What the task requires> Please restate the data that follows word for word, with the pictures left out.

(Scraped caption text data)
[Start of section]

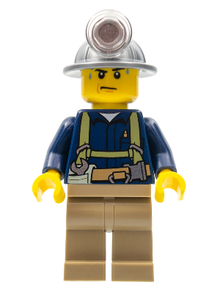 Minifig cty0311 - Miner - Shirt with Harness and Wrench, Dark Tan Legs, Mining Helmet, Sweat Drops - De BrickPlaats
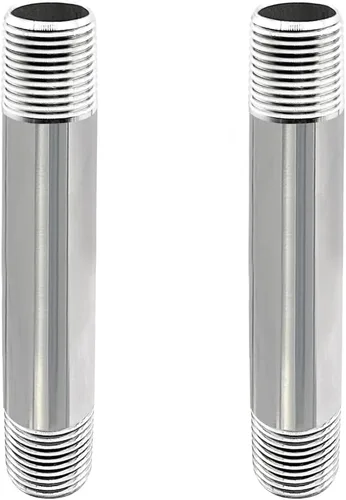 GeilSpace Tubo de acero inoxidable de 1/2 x 4 pulgadas, boquilla de tubo 304 para tuberías y accesorios roscados estándar de 1/2 pulgada, tubo de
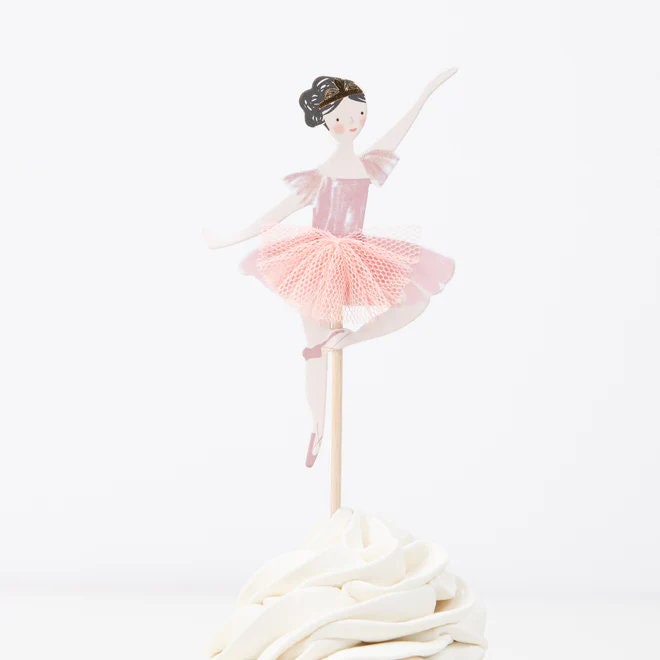 Ballerina Party Cupcake Toppers - Kids Ballet Dancer Cake Decorations & Cases - Children's Birthday - Ballerina Party Supplies - Pack Of 24 - Jolie Fete UK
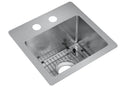 Elkay Crosstown 18 Gauge Stainless Steel 15" x 15" x 9" 2-Hole Single Bowl Dual Mount Bar Sink Kit ECTSR15159TBG2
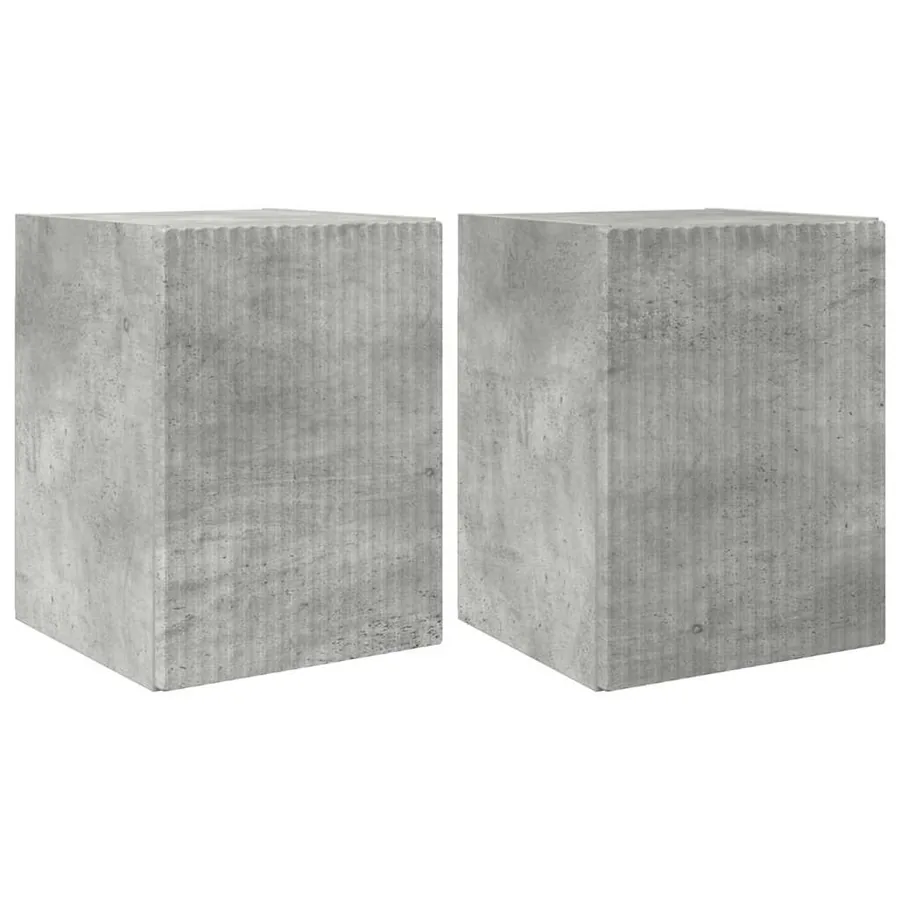 Meuble TV mural 2 pcs Béton 30 x 31 x 40 cm Bois d'ingénierie - 2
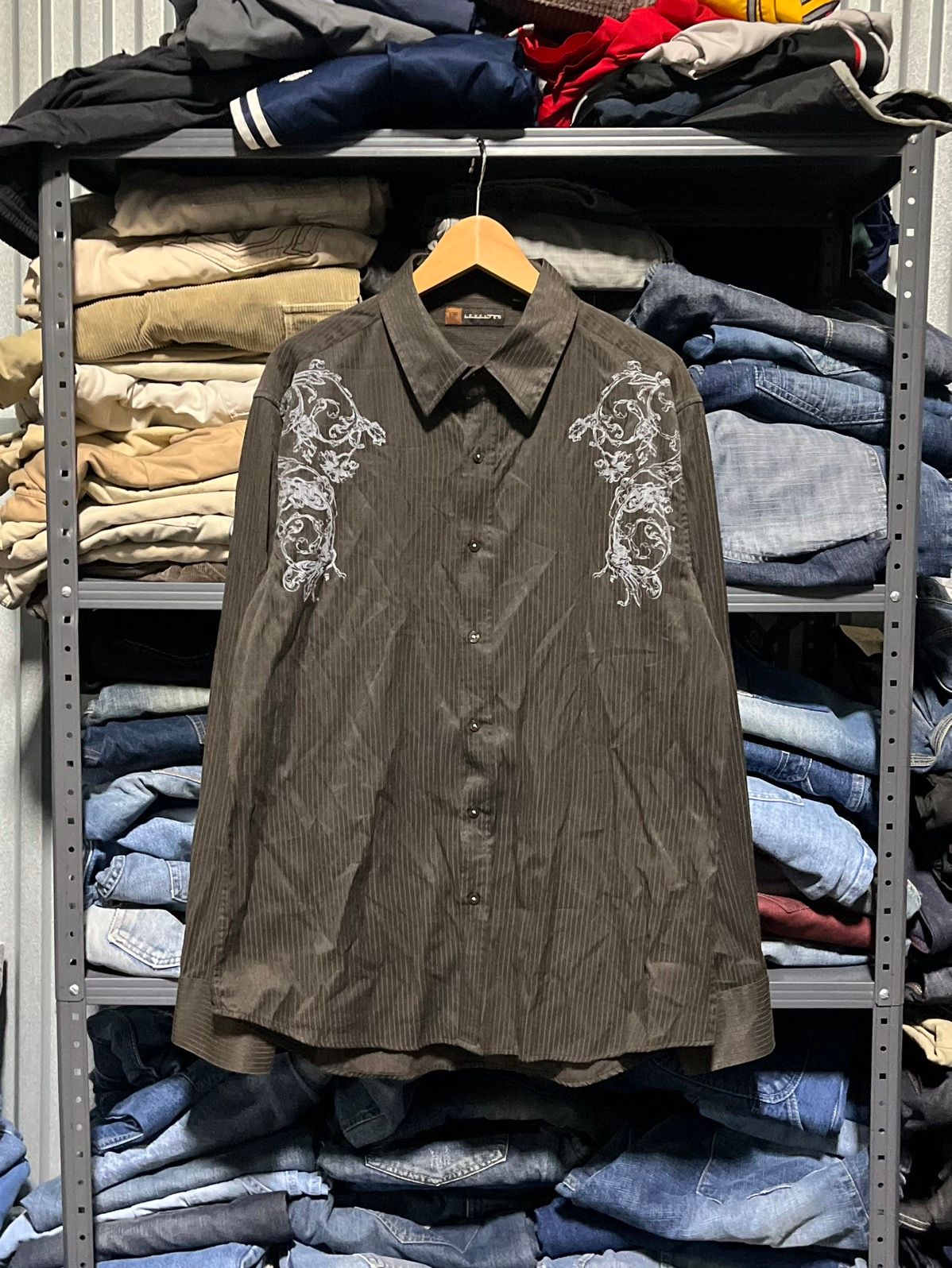 Pre-owned Affliction X Jnco Crazy Y2k Affliction Style Tribal Button Down Skater Tee In Brown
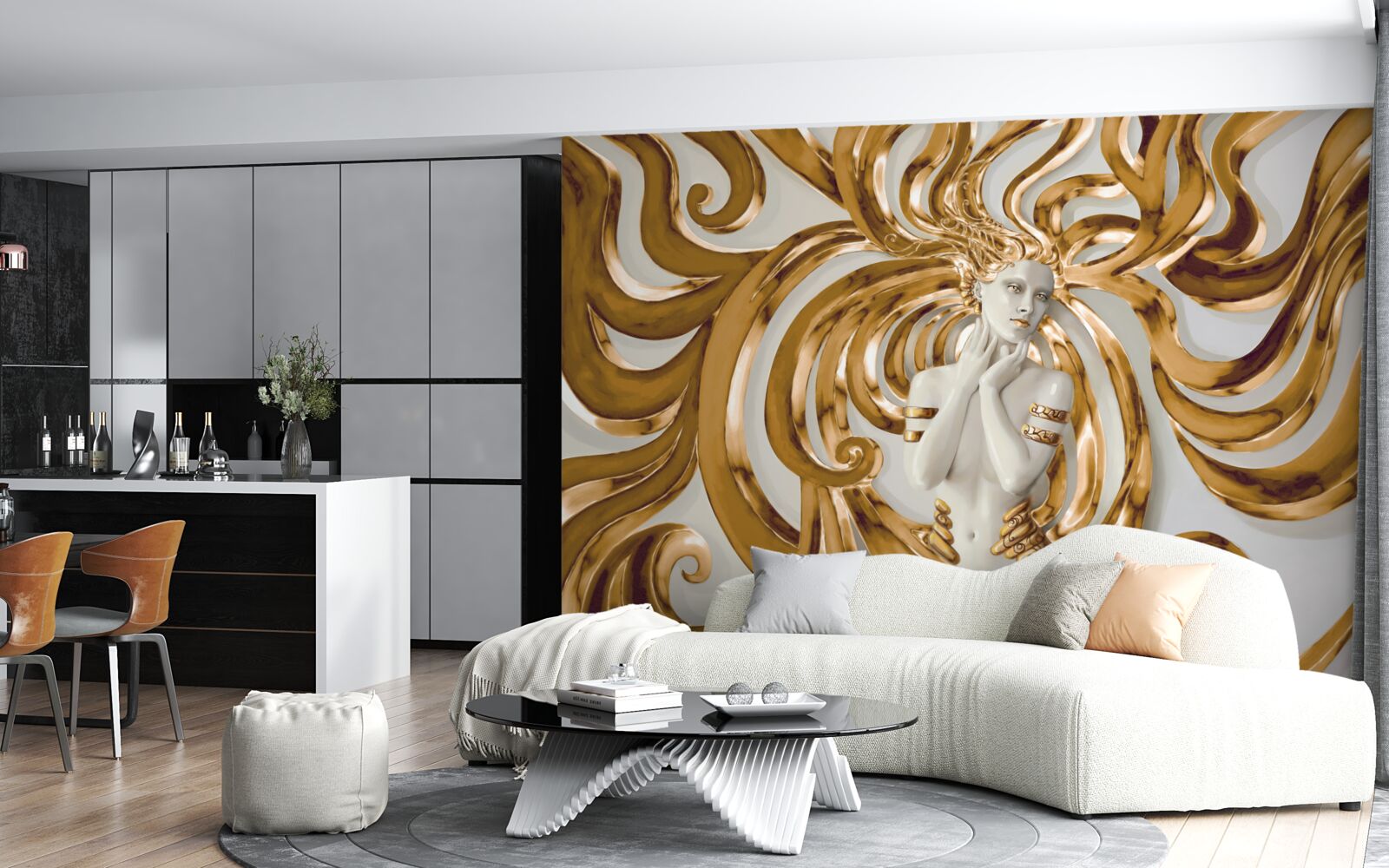 Fototapeta zlaté línie a obrys dievčaťa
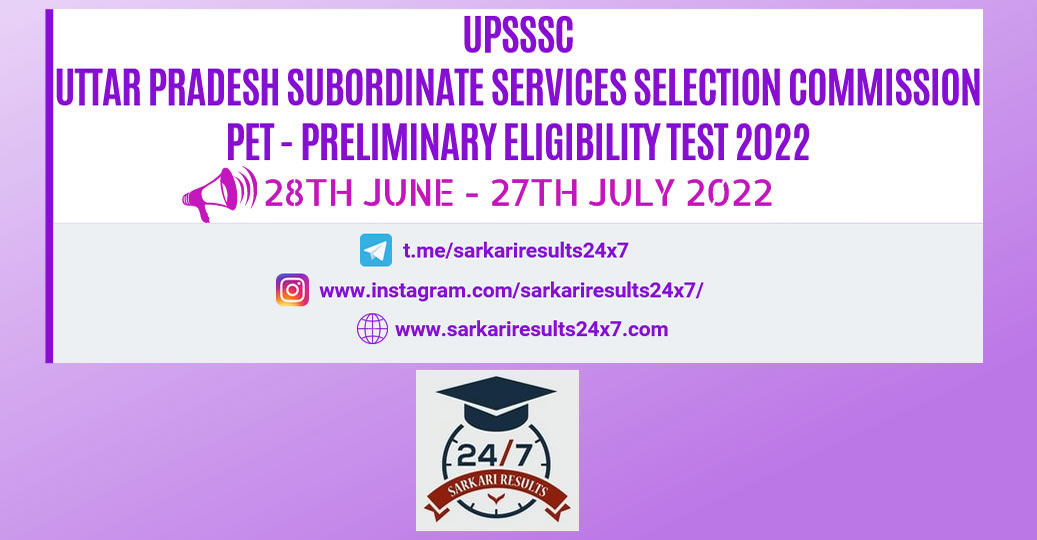 UPSSSC PET Preliminary Eligibility Test 2022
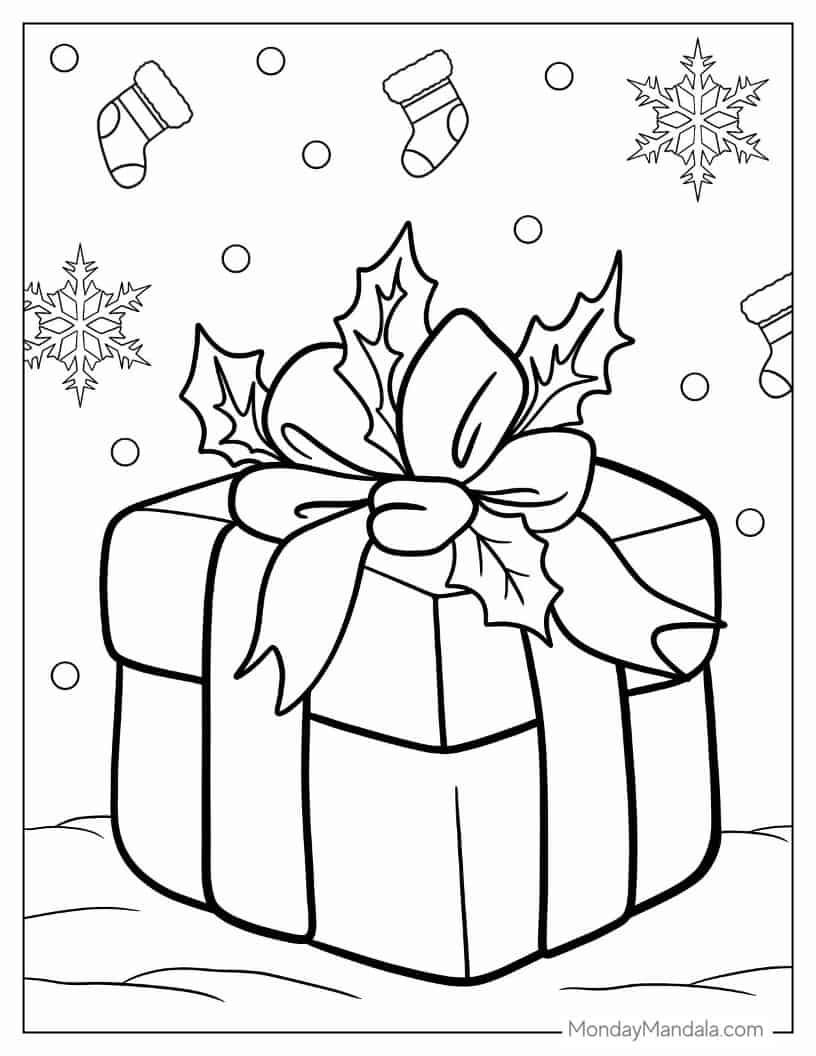 Christmas coloring page of Christmas Present With Bow And Mistletoe coloring page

[End of section]

Answer box>
 Minifig cty0311 - Miner - Shirt with Harness and Wrench, Dark Tan Legs, Mining Helmet, Sweat Drops - De BrickPlaats
 GeilSpace Tubo de acero inoxidable de 1/2 x 4 pulgadas, boquilla de tubo 304 para tuberías y accesorios roscados estándar de 1/2 pulgada, tubo de
 Ballerina Party Cupcake Toppers - Kids Ballet Dancer Cake Decorations & Cases - Children's Birthday - Ballerina Party Supplies - Pack Of 24 - Jolie Fete UK
 Elkay Crosstown 18 Gauge Stainless Steel 15" x 15" x 9" 2-Hole Single Bowl Dual Mount Bar Sink Kit ECTSR15159TBG2
 Meuble TV mural 2 pcs Béton 30 x 31 x 40 cm Bois d'ingénierie - 2
 Pre-owned Affliction X Jnco Crazy Y2k Affliction Style Tribal Button Down Skater Tee In Brown
 Fototapeta zlaté línie a obrys dievčaťa
 UPSSSC PET Preliminary Eligibility Test 2022
 Christmas coloring page of Christmas Present With Bow And Mistletoe coloring page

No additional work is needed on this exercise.